Per Agustus 2023, BPS mengungkapkan inflasi Indonesia kini sebesar 3,3% year on year (yoy), yang jumlahnya jauh lebih rendah dibandingkan inflasi di tahun 2022 yang tercatat sebesar 5,5% yoy. Sejak awal tahun 2023, laju inflasi Indonesia menunjukkan tren perlambatan yang stabil dan mulai bergerak pada kisaran sasaran inflasi yang ditargetkan yaitu 3±1% yoy. Meski demikian, harga beberapa komoditas pangan sempat naik sebagai akibat dari dampak El Nino yang juga terjadi di berbagai negara.

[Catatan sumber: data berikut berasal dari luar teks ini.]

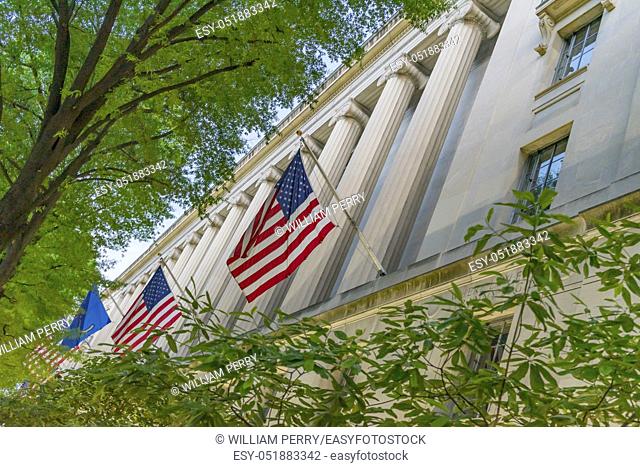 Facade Flags Robert F Kennedy Justice Department Building Pennsylvania Avenue Washington DC Completed in 1935. Houses 1000s of lawyers working at Justice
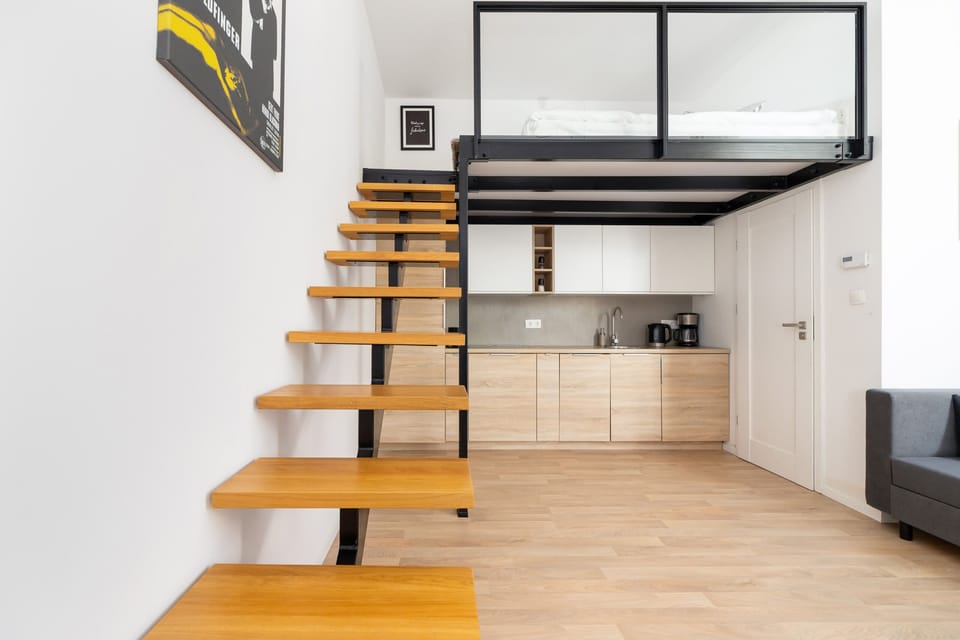 A perspective that focuses on the wooden staircase and a well-organized kitchenette in the background.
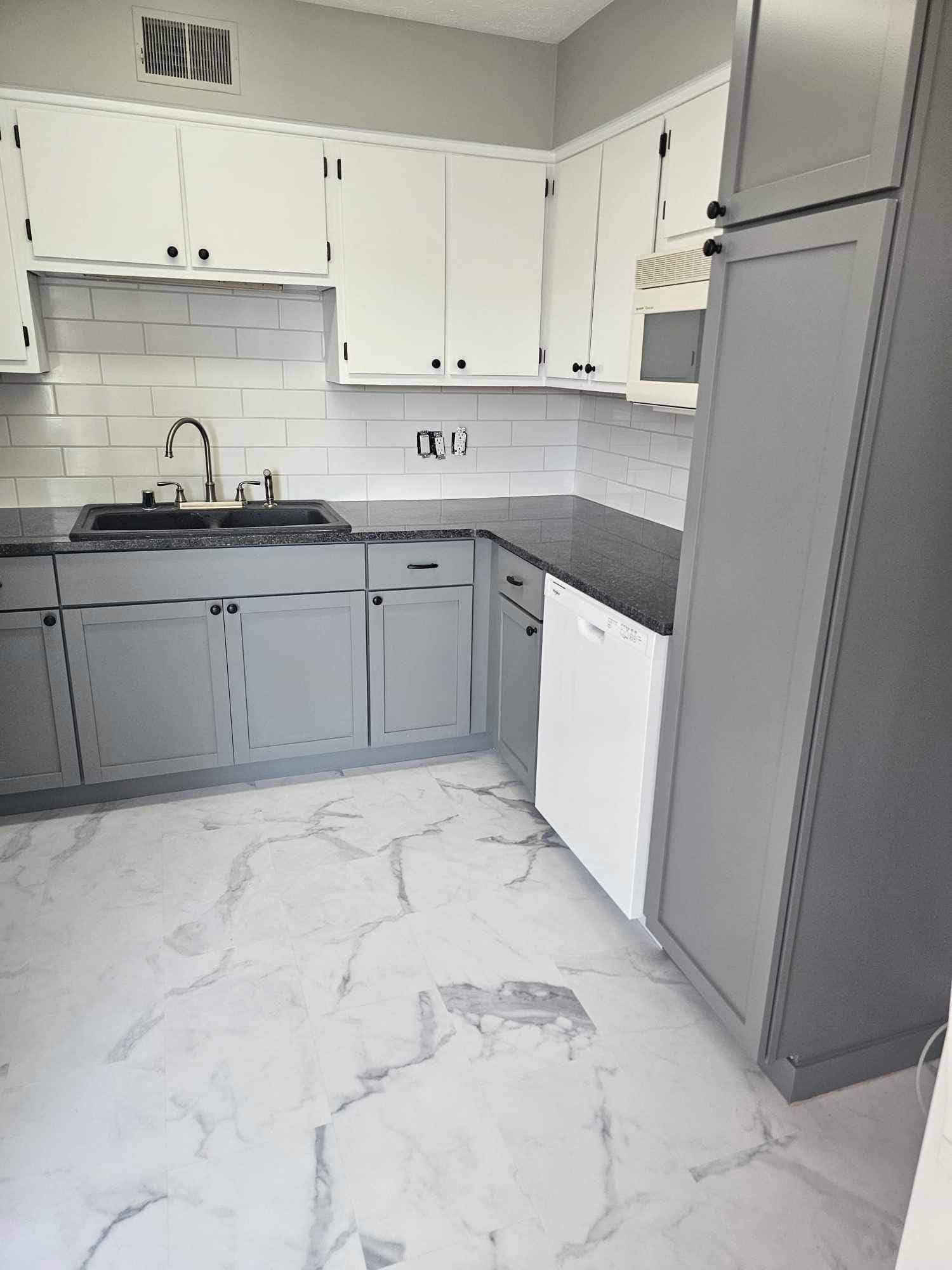 Kitchen with white and grey cabinets, subway tile backsplash, and marble-look flooring.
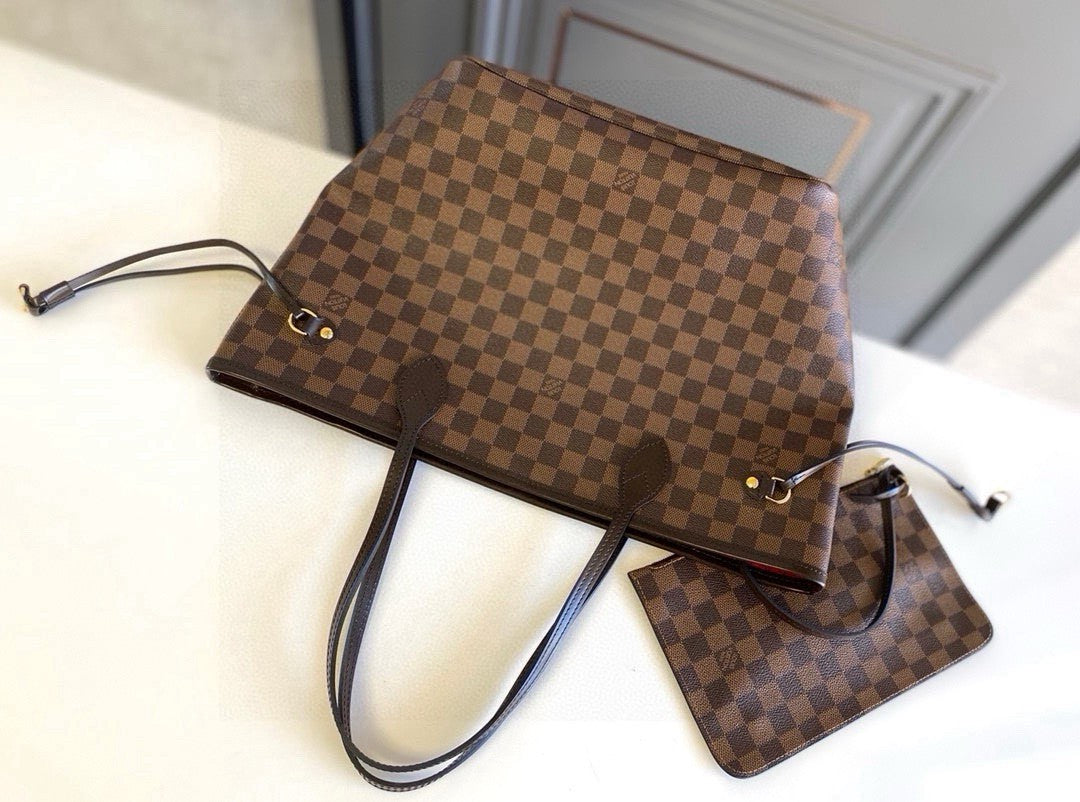 Louis Vuitton Neverfull MM tote bag in the Damier Ebene canvas with a red interior lining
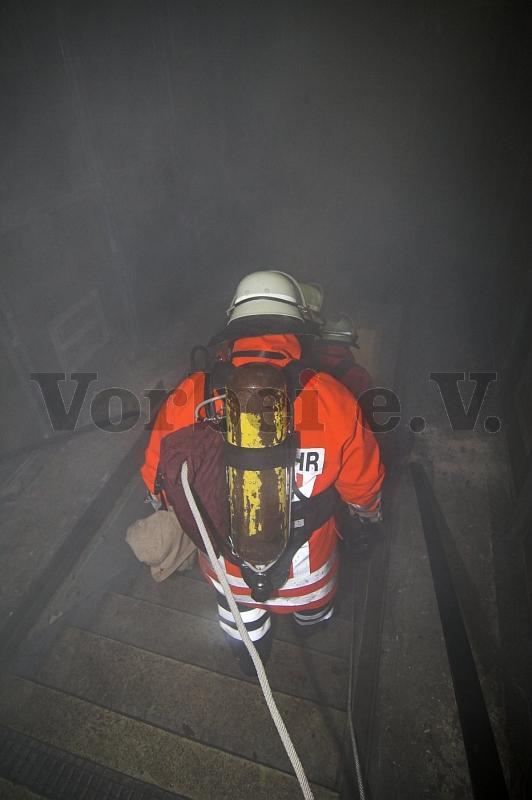 Feuerwehr-Einsatzkräfte begeben sich unter Atemschutz in das vernebelte Fernmeldebetriebsgebäude.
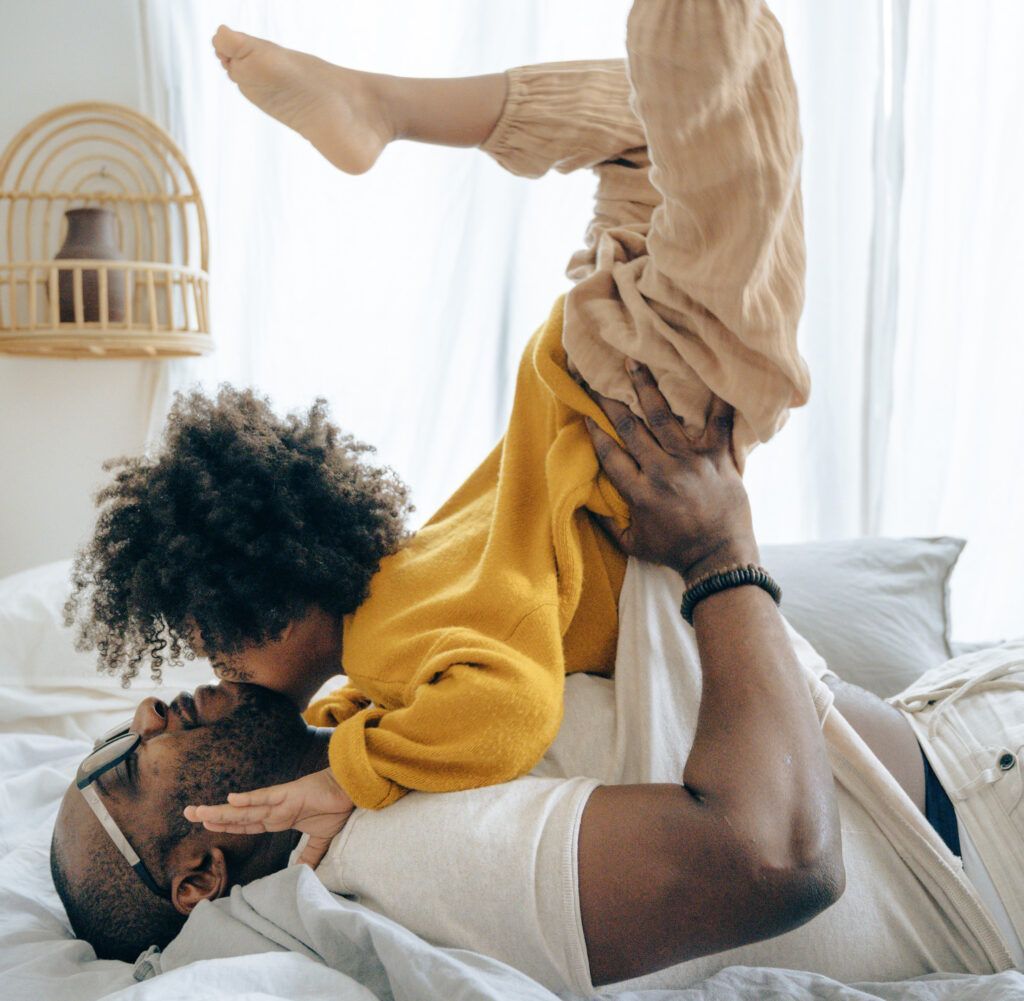 A man is laying on a bed holding a child on his back.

Upaya pengendalian inflasi dilakukan melalui bauran kebijakan fiskal, moneter, dan sektor riil, yang menjadi sinergi dan inovasi menjadi dua kata kunci penting dalam menjaga stabilitas harga, terutama dalam konteks menjaga ketahanan pangan yang berkelanjutan. Tim Pengendalian Inflasi Pusat (TPIP) dan Tim Pengendalian Inflasi Daerah (TPID) terus melakukan berbagai mitigasi dan langkah kebijakan sebagai bagian dari agenda pengendalian inflasi nasional.

Berbagai langkah menjaga stabilitas harga dalam jangka pendek dilakukan dengan menciptakan keterjangkauan harga, menjaga ketersediaan pasokan, memastikan kelancaran distribusi, dan melakukan komunikasi efektif. Langkah ini menjadi pedoman untuk implementasi strategi pencapaian inflasi dari hulu hingga hilir, demi menciptakan keseimbangan antara penawaran dan permintaan.

Pemerintah perlu menjaga akses terhadap pangan dengan mengendalikan inflasi pangan yang bersifat fluktuatif. Salah satu upaya pengendalian inflasi dari segi kebijakan fiskal bisa terlihat dari peran Anggaran Pendapatan dan Belanja Negara (APBN), yang memiliki fungsi stabilisasi, yakni sebagai shock absorber terhadap gejolak dalam perekonomian. APBN selalu diharapkan menjadi instrumen utama dan diandalkan dalam mengelola berbagai potensi gejolak, terutama untuk mempercepat momentum pemulihan ekonomi Indonesia.

Pada tahun 2022 ketika inflasi di berbagai negara meningkat secara signifikan, peran APBN dioptimalisasi untuk meredam dampak tingginya gejolak harga komoditas global bagi Indonesia. Pemerintah menginisiasi berbagai program perlindungan sosial demi melindungi kelompok yang miskin dan rentan, serta melakukan intervensi harga serta menjaga ketersediaan stok dan cadangan pangan untuk menjaga level harga dan mengendalikan inflasi.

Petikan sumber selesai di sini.